Today, I came across a source that lists her birth year as 1958, which would mean that in 1972, she was no more than fourteen. She has publicly described her sex with Bowie as consensual , but I really don’t believe, as a survivor of child sexual abuse, let alone a rational human being,that a fourteen year old  has enough life experience or information to properly consent to sex with an adult. Even if she lied and told him she was older than she was, even if he had no reason not to believe her and was as gentle with her as she said he was, David Bowie still made a conscious decision to do what he did.

Difficult as it may be to reconcile this information with the glittering icon that I, and many other Bowie fans, wanted or needed him to be, it needs to be done. Several other people have accused Bowie of stealing songs and being emotionally abusive, and I believed them as soon as I heard their stories. It was easy, I thought, there was no way Bowie was a saint.

This, though, has been a much harder pill to swallow. The only thing I can compare it to is when filmmaker Woody Allen’s adoptive daughter, Dylan Farrow, accused him of molesting her in The New York Times, I believed her whole-heartedly and cried for days. When that news broke, I was writing the first draft of the manuscript that became my semi-autobiographical novel-in-verse, Never Coming Home. I wanted to throw away my memories of my mother and I laughing at the same moments in “Annie Hall.” I even made the first line in my poem, “Mother’s Day,” “I don’t want to watch Annie Hall with you.”

If I had known then what I know now, I might have written the line as “I don’t want to listen to your old copy of Hunky Dory,” but right now, I’m not as eager to get rid of those memories.

In the process of editing Never Coming Home, where I’ve written poems from the perspectives of characters based on them,  I learned that my parents, or abusers, or whatever you think it’s appropriate to call them, were not, in fact, the monsters from my memories. They were people who made decisions and had reasons why they made those decisions. They had terrible reasons for making terrible decisions, so did Bowie, Allen, and whoever else, but that doesn’t erase their humanity.
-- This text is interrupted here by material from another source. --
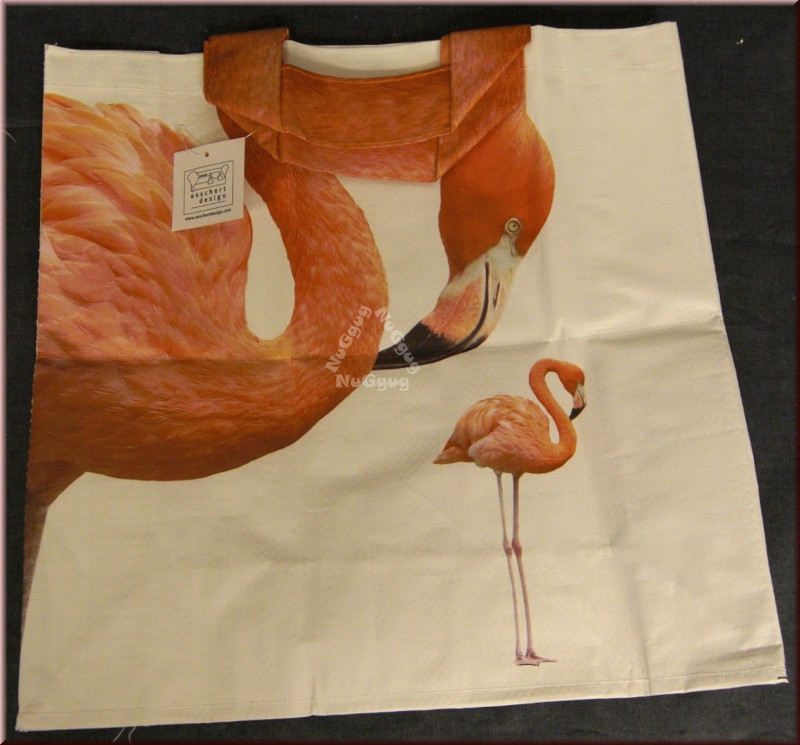 Einkaufstasche Flamingo, 40 x 40 x 15 cm, pink, von esschert design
I’ve seen a lot of people, friends and random internet commenters, say things today like, “Why would you mourn a pedophile?” I’ll tell you why. My father was an incredibly gifted architect and my mother was my first proofreader. They fed me, clothed me, and when they told me they loved me, I believed them. But guess what, they both beat me, they both raped me, they both neglected me, and when I decided they were dead to me, I still needed grieve for the people I wanted them to be.  When each of them dies physically, I know I’ll need to grieve again. In short, kill your idols, stab your dad, give yourself time to mourn, remember what you needed from them, and do your best to be that.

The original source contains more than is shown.